(DATA FOR THIS TASK):
● ● ● ● ● ● ●

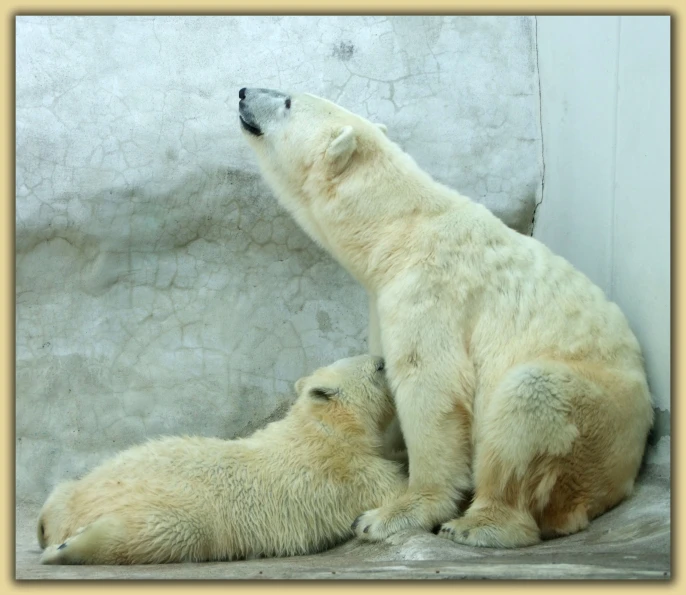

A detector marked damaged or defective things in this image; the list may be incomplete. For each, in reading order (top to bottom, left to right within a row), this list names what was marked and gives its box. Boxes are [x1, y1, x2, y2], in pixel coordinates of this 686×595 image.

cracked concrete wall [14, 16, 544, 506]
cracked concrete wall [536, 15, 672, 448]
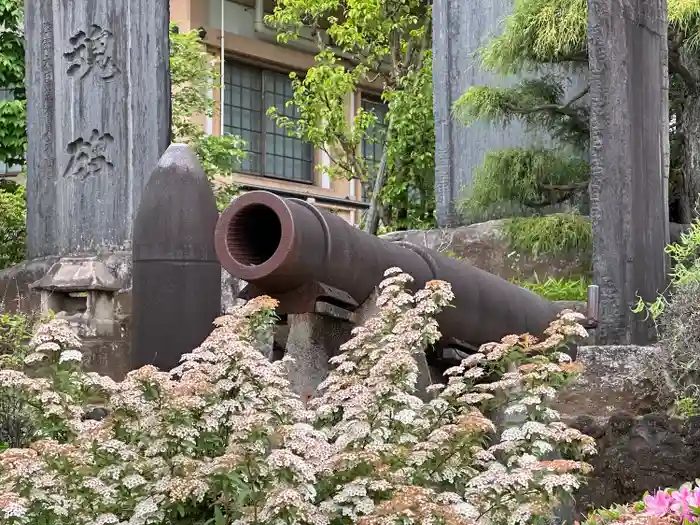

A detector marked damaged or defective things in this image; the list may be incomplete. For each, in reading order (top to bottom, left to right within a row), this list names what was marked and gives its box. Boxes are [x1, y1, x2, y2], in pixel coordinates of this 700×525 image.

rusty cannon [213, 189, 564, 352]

● ● ● ● ● ● ●

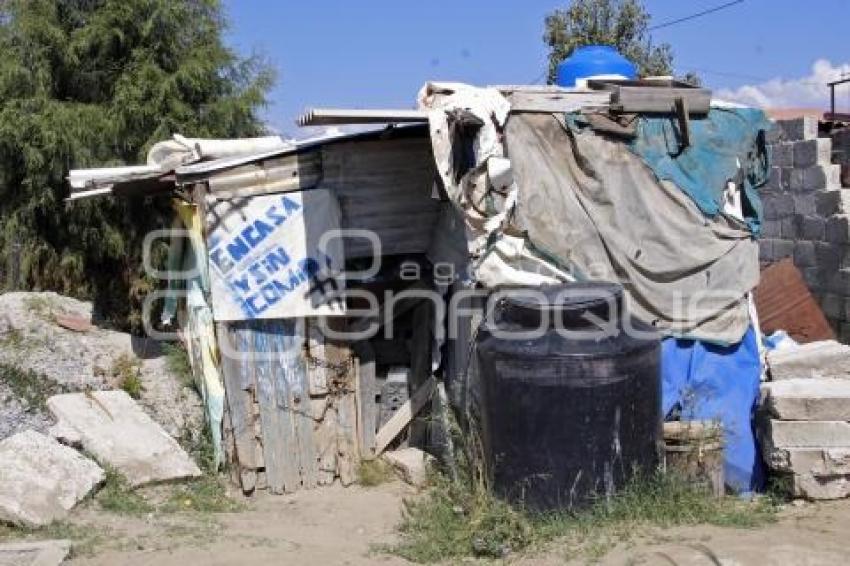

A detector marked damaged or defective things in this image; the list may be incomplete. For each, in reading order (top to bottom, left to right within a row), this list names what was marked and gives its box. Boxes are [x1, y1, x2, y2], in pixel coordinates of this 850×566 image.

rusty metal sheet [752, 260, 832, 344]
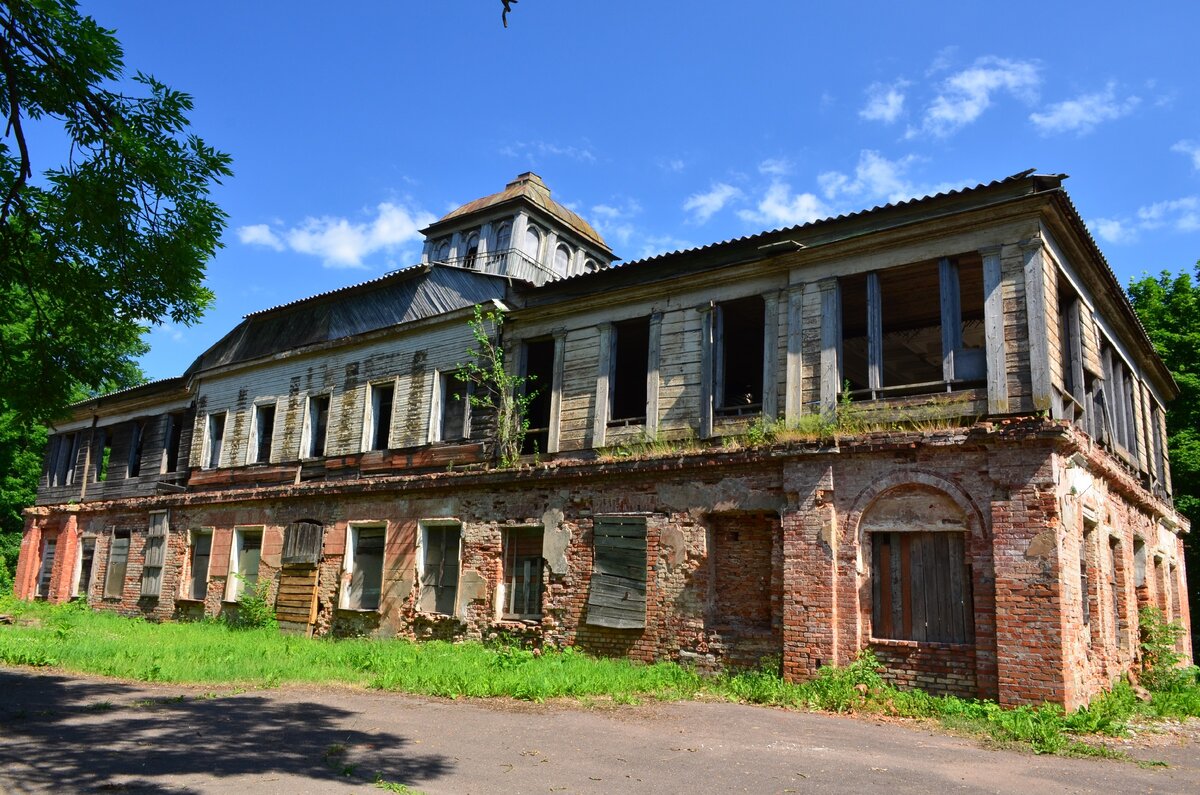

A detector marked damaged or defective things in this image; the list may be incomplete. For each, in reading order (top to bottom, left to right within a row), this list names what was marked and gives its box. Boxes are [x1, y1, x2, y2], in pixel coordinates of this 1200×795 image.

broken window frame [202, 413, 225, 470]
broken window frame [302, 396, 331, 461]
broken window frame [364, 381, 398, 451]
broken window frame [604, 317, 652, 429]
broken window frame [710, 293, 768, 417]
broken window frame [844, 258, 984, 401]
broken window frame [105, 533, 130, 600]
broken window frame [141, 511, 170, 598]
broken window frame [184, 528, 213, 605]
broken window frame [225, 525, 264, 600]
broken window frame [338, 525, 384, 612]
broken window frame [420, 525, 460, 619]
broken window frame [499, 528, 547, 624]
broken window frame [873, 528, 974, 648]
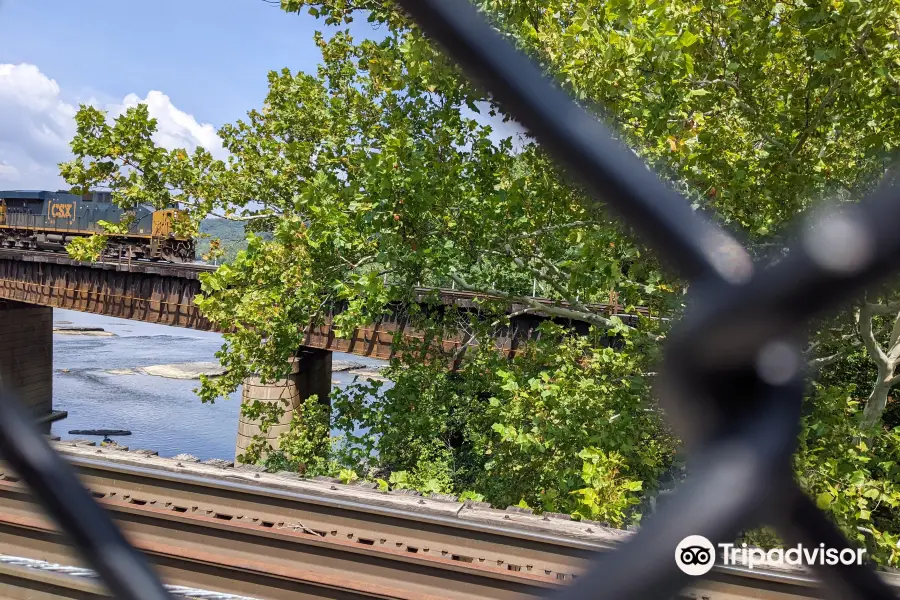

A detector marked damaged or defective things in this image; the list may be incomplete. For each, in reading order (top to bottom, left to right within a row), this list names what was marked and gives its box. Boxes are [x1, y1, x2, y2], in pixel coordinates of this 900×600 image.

● ● ● ● ● ● ●

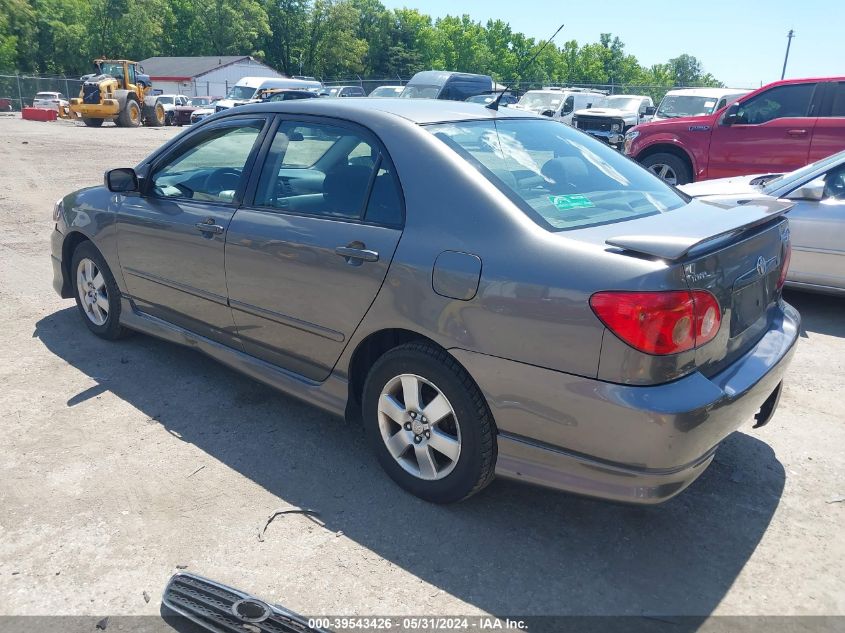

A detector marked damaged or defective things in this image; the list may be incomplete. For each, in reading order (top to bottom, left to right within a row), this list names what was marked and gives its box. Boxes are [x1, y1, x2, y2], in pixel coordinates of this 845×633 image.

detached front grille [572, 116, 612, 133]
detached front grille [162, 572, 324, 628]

● ● ● ● ● ● ●

(ACTIVITY): Excerpt from the records above: set down only the lines from the one that contains "this 1200×795 image." through the one that contains "this 900×600 image.", inclusive, word for word. Pictures stay out.

(ANSWER BELOW):
A detector marked damaged or defective things in this image; the list may be incomplete. For each, in reading order (top to bottom, left to right within a row), this list names what was marked and gives its box. Boxes are [x1, y1, x2, y2], in pixel coordinates of this 1200×795 image.

broken window frame [202, 413, 225, 470]
broken window frame [302, 396, 331, 461]
broken window frame [364, 381, 398, 451]
broken window frame [604, 317, 652, 429]
broken window frame [710, 293, 768, 417]
broken window frame [844, 258, 984, 401]
broken window frame [105, 533, 130, 600]
broken window frame [141, 511, 170, 598]
broken window frame [184, 528, 213, 605]
broken window frame [225, 525, 264, 600]
broken window frame [338, 525, 384, 612]
broken window frame [420, 525, 460, 619]
broken window frame [499, 528, 547, 624]
broken window frame [873, 528, 974, 648]

A detector marked damaged or defective things in this image; the list may be incomplete. For each, in reading order (top to bottom, left to right within a row), this list names what was marked and gives its box. Boxes are [x1, y1, x2, y2], in pixel coordinates of this 900×600 image.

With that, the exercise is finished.